Ingredients
The following ingredients have 5 Servings
- 4-6 sweet potatoes
- 3 cups cooked shredded chicken (see note) (shredded chicken )
- 1 to 2 cups BBQ sauce (fave homemade recipe here)
- 1 (15-ounce) can black beans (rinsed and drained)
- 1 cup corn kernels (fresh or frozen (thawed if frozen))
- 1/2 cup chopped cilantro
- 2 tablespoons fresh lime juice
- 1/4 teaspoon salt
- Pinch of black pepper
- Chopped tomatoes
- Shredded cheese
- Tortilla chips
- Cilantro Lime Dressing
Instruction
- Cook the sweet potatoes.
- Oven Method: prick each potato several times with a fork. Line a half sheet pan or other baking pan with parchment or foil. Place the potatoes on the prepared pan and bakeat 425 degrees F until tender, about 45-60 minutes.

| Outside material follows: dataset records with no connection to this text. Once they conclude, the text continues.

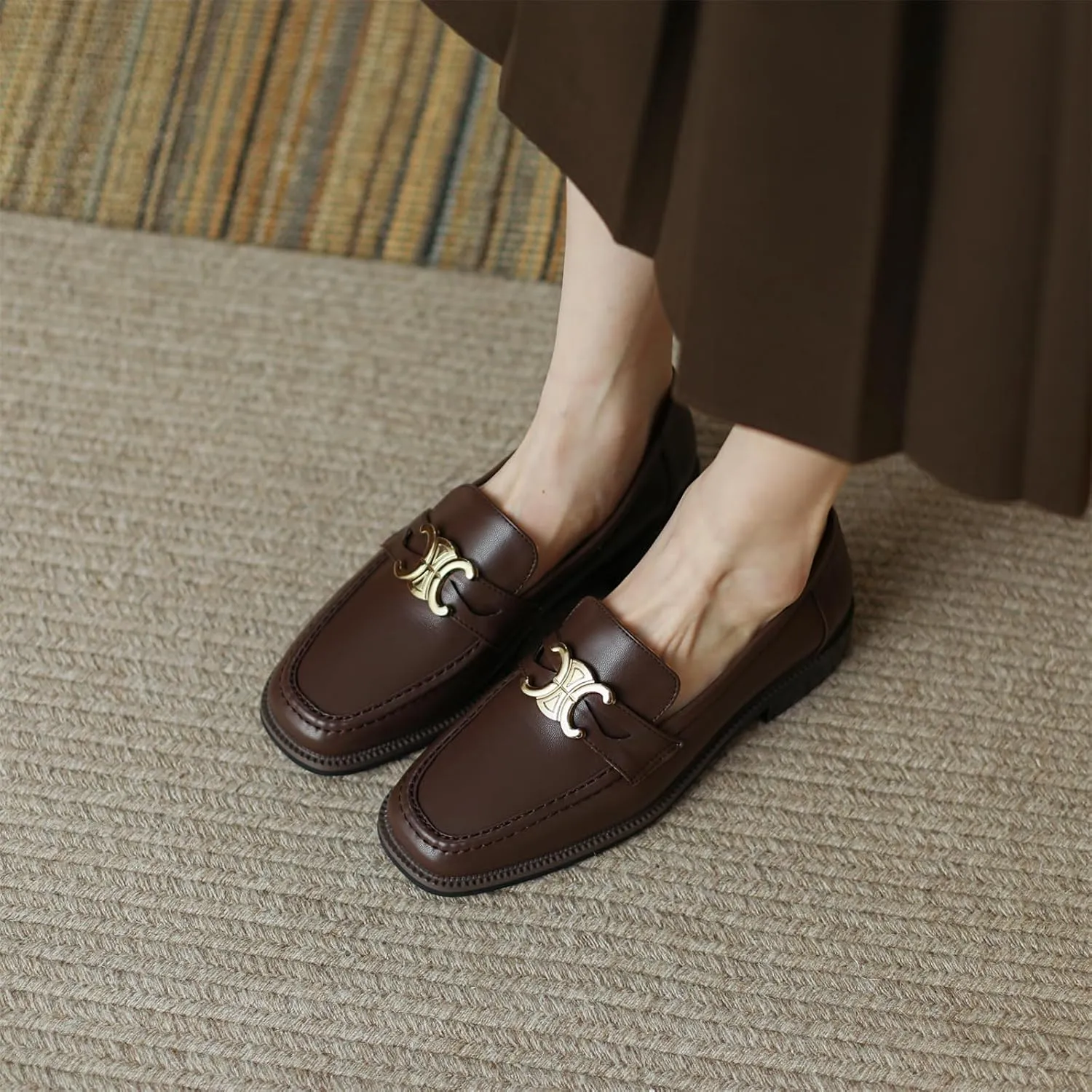 Women's Square Closed Toe Flats Loafers Pull-On Gold Metallic Comfortable Chunky Low Heel Office Cosplay Student Work Casual Comfortable Fashion Business Daily Wear Dress Shoes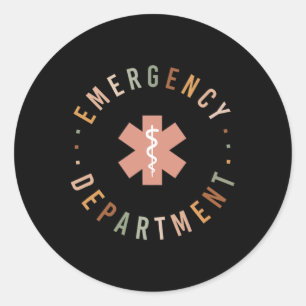 Emergency Department Er Ed Emergency Room Nurse Tr Classic Round Sticker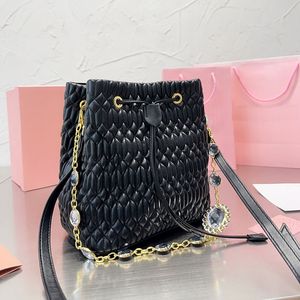 Fold Bucket Bag Women Handbags Purse Crossbody Bags Genuine Leather Crystal Chain Removable Strap Drawstring Closure Thread Woemn Shoulder Bags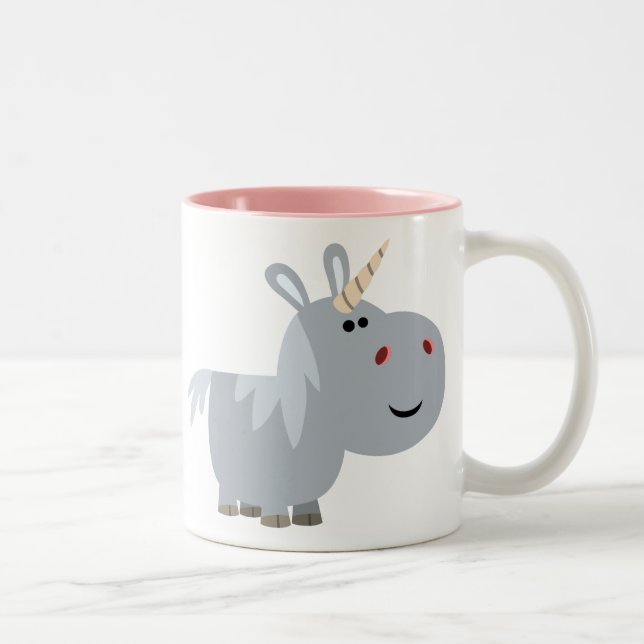 Cute Inscrutable Cartoon Unicorn Mug (Right)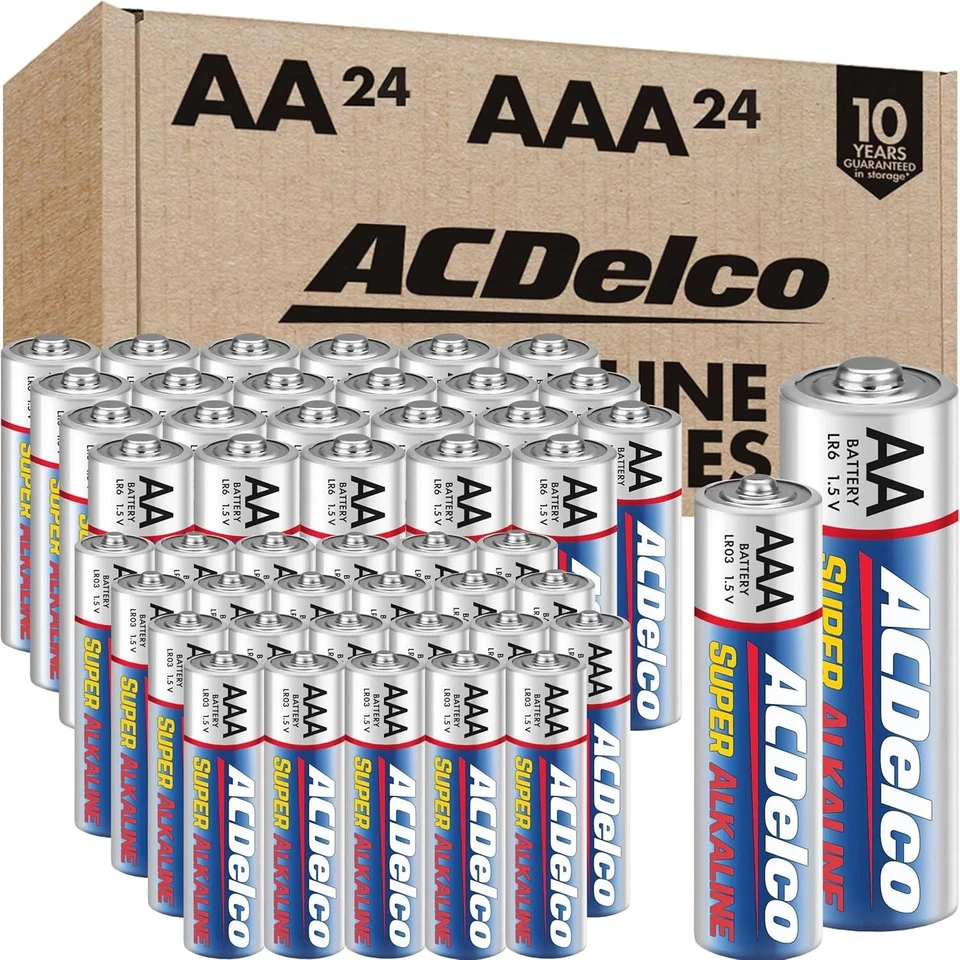 Acdelco AA and AAA 48-Count Combo Pack Super Alkaline Batteries, 24-Count Each, - Image 1 of 1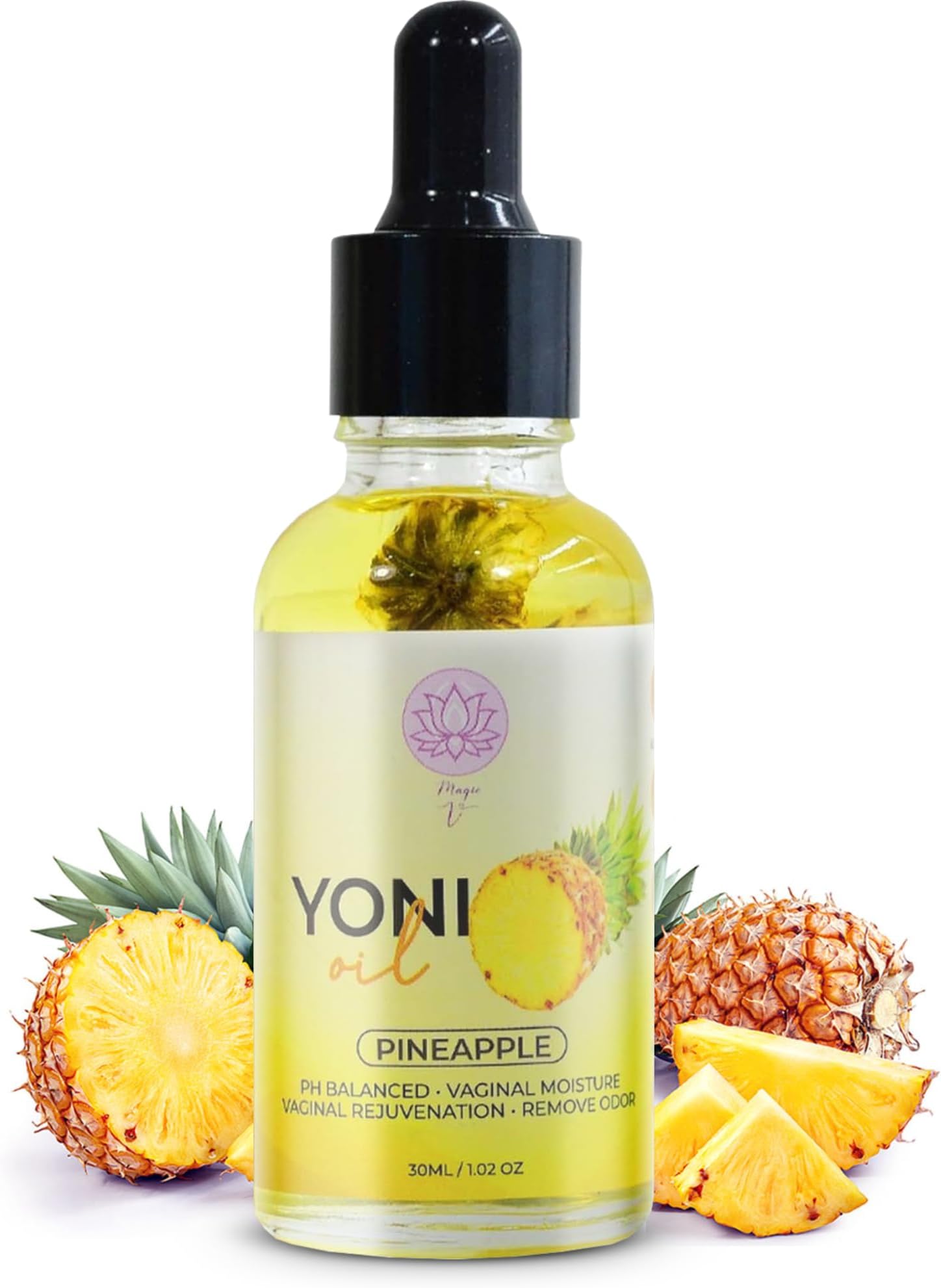 Magic V Yoni Oil for Women – Organic Feminine Care Vaginal Moisturizer, pH Balance & Odor Control, Soothes Ingrown Hair & Razor Bumps – Pineapple Scent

- Instant Pot/Pressure Cooker Method: pour 1 cup water into the bottom of an electric pressure cooker. Add a metal trivet or steamer basket and add the potatoes (filling only 2/3 full). Secure the lid and cook on high pressure for 12-14 minutes (subtract 1-2 minutes if you are going to let the pressure naturally release). Quick release the pressure when done cooking.
- For the BBQ chicken, toss the cooked, shredded chicken with BBQ sauce until evenly combined and warm through (or it can be served at room temperature).
- For the corn and black bean salad, add all the ingredients together in a bowl and toss to combine.
- To serve, slice the potatoes open and top with BBQ chicken, corn and black bean salad, tomatoes, cheese, crushed tortilla chips, and cilantro lime dressing (or any combination of toppings you like!).